GIVEN ENTRIES -

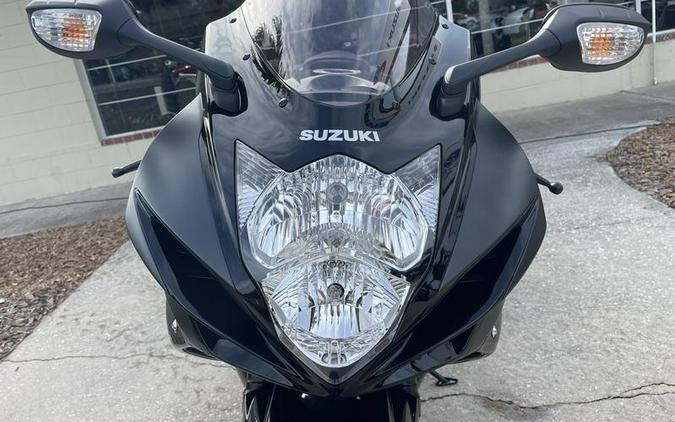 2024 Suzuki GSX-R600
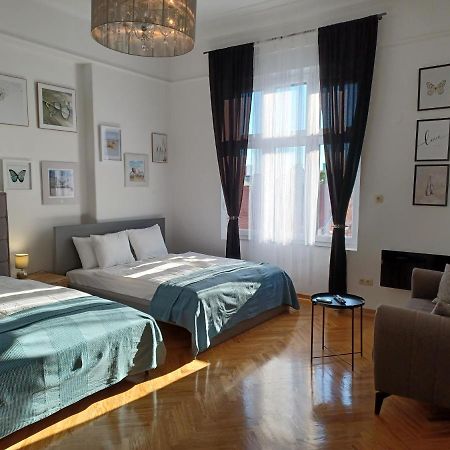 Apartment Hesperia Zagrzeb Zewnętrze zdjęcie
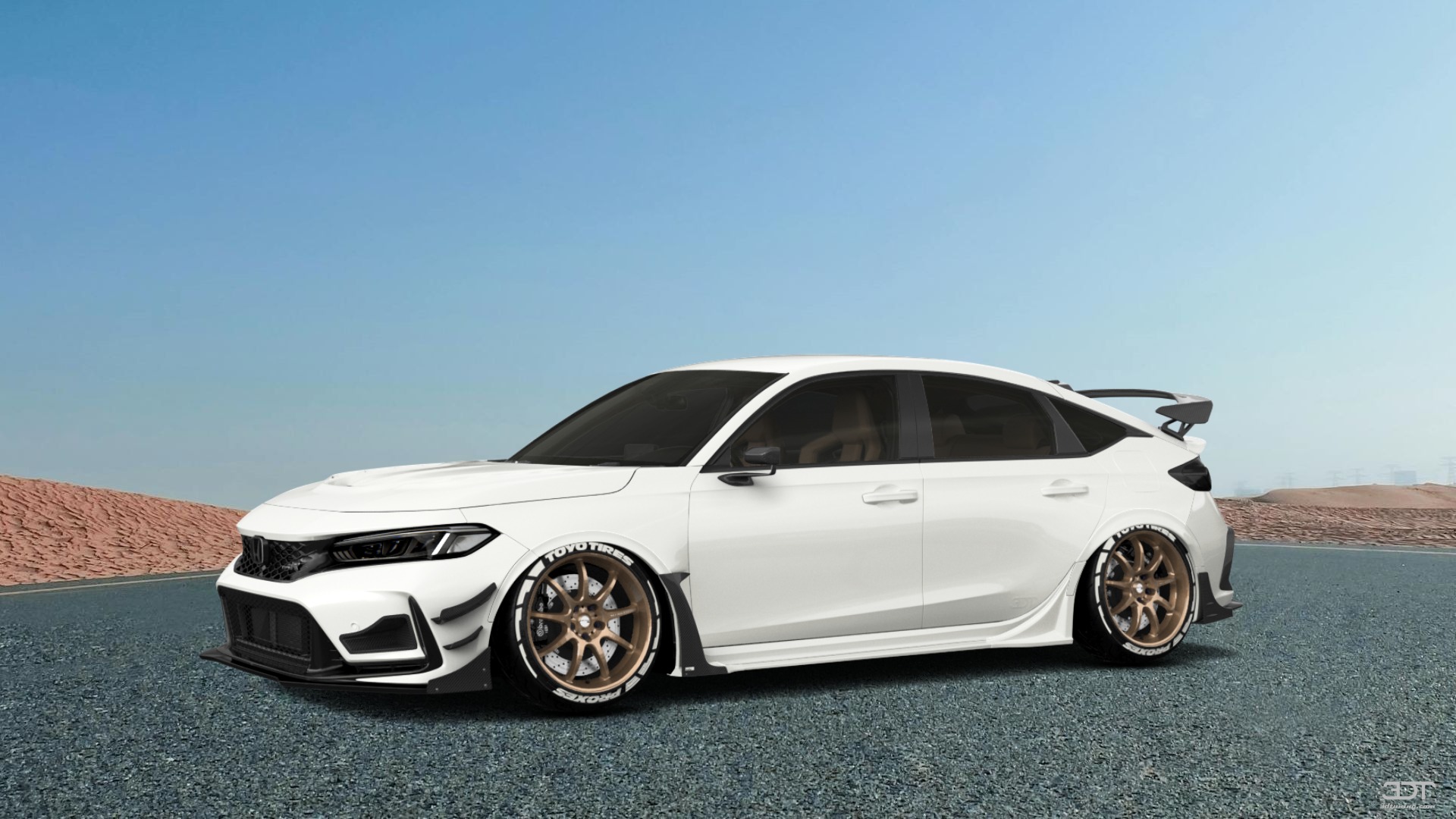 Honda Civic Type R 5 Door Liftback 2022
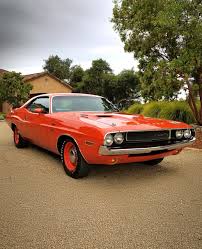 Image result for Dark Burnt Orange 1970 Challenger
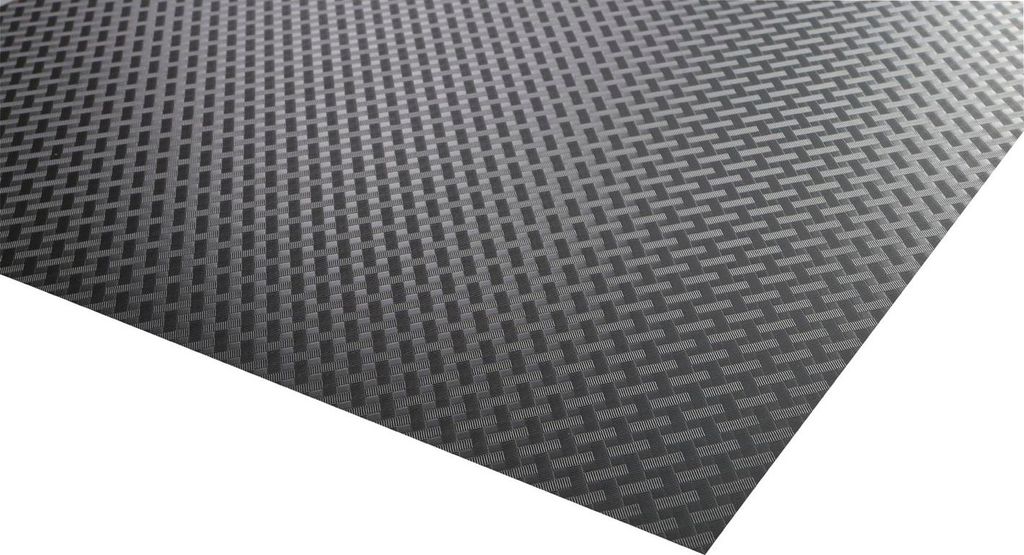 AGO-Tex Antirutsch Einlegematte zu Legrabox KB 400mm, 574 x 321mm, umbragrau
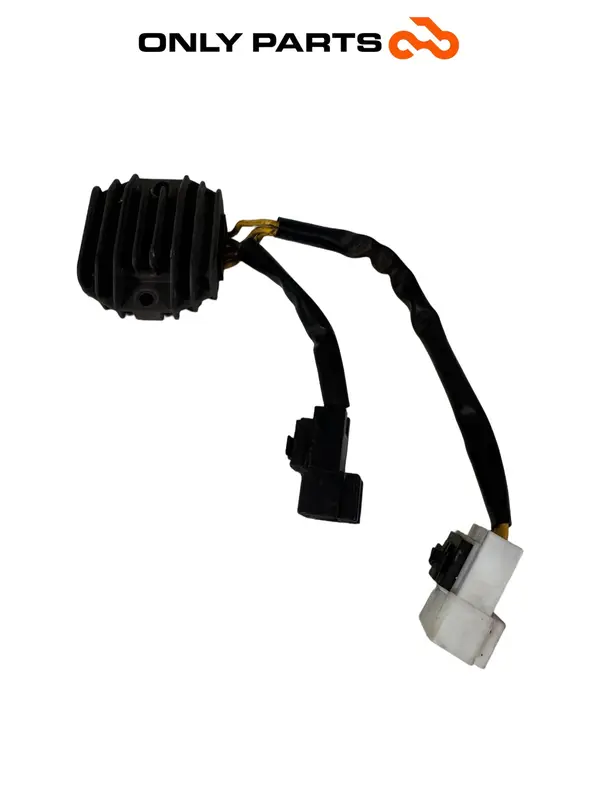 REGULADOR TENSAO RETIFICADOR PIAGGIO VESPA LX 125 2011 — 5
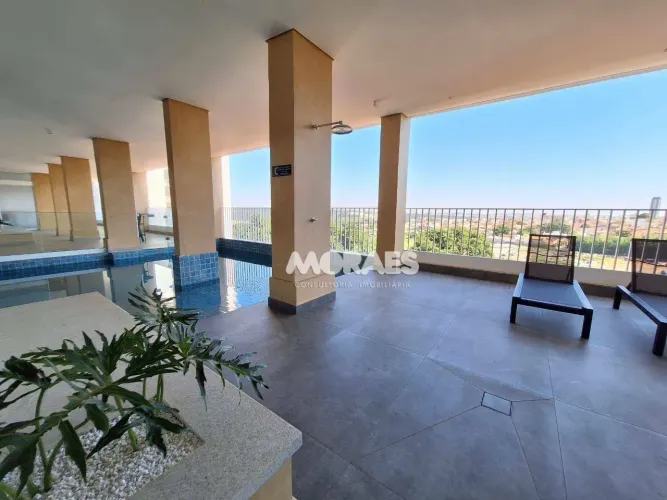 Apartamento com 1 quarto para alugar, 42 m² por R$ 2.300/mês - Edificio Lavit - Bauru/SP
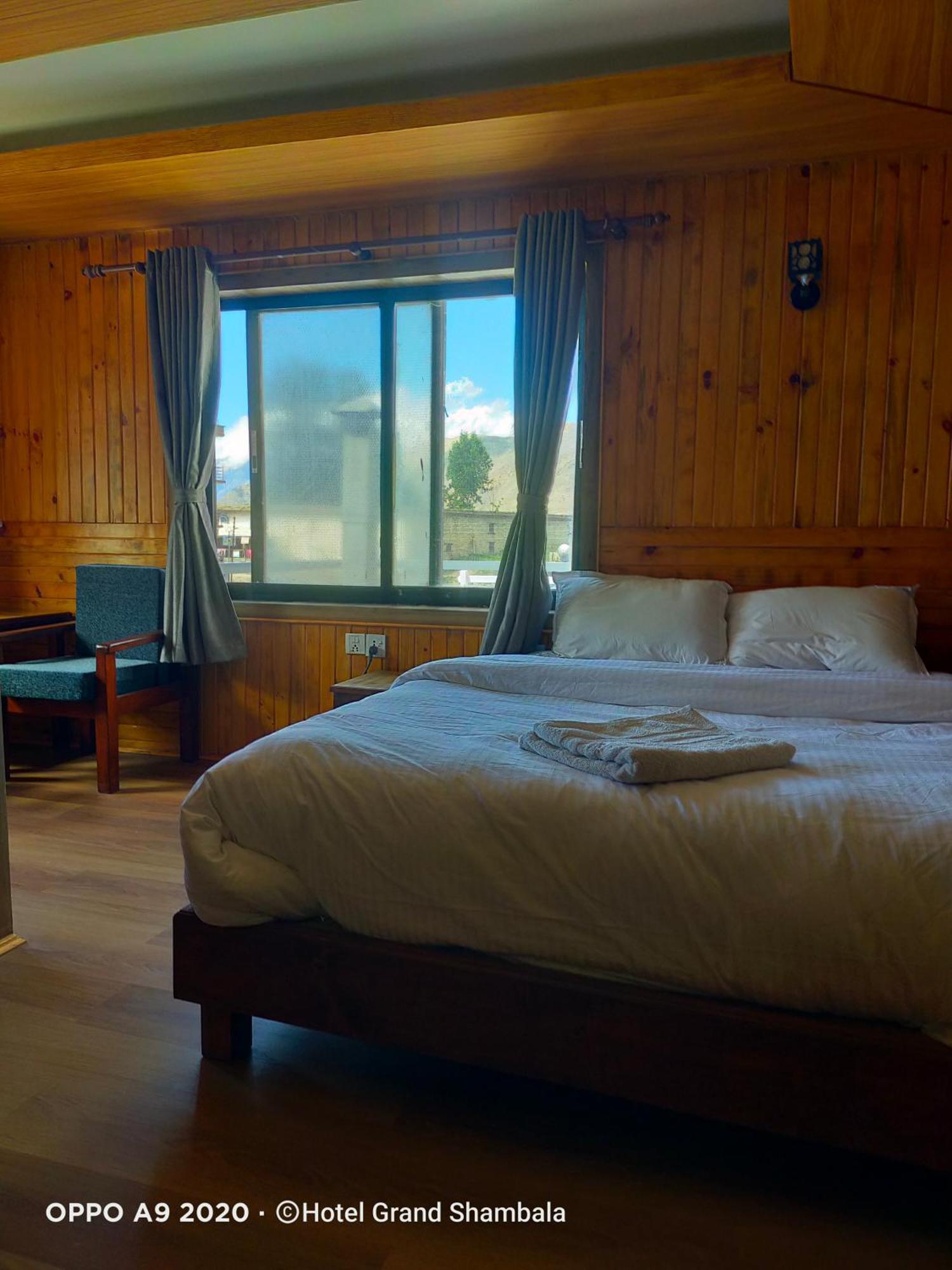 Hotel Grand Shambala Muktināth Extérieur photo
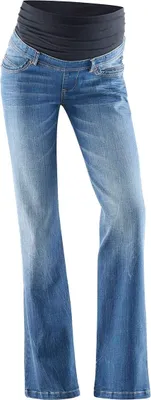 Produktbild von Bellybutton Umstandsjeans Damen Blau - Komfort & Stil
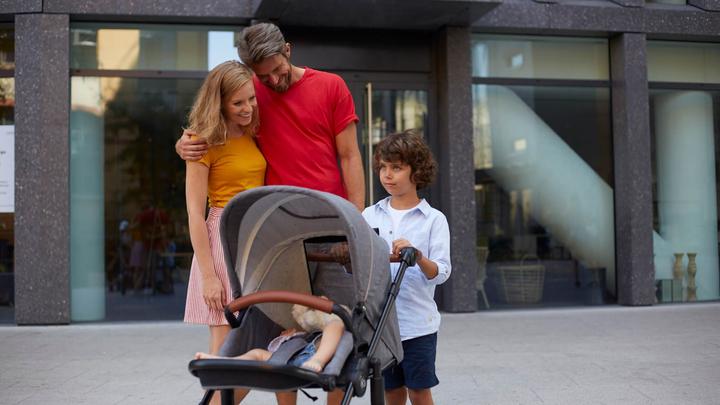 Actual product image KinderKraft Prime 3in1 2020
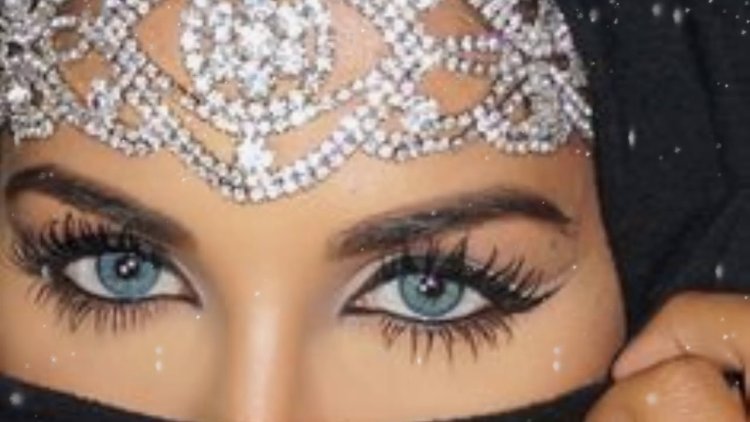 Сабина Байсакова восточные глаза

TO DO - Begin at the first line of the entries and end at the line containing "Hotel Grand Shambala": write out each line exactly, skipping pictures.

RESPONSE TO THIS TASK -
 2024 Suzuki GSX-R600
 Apartment Hesperia Zagrzeb Zewnętrze zdjęcie
 Honda Civic Type R 5 Door Liftback 2022
 Image result for Dark Burnt Orange 1970 Challenger
 AGO-Tex Antirutsch Einlegematte zu Legrabox KB 400mm, 574 x 321mm, umbragrau
 REGULADOR TENSAO RETIFICADOR PIAGGIO VESPA LX 125 2011 — 5
 Apartamento com 1 quarto para alugar, 42 m² por R$ 2.300/mês - Edificio Lavit - Bauru/SP
 Hotel Grand Shambala Muktināth Extérieur photo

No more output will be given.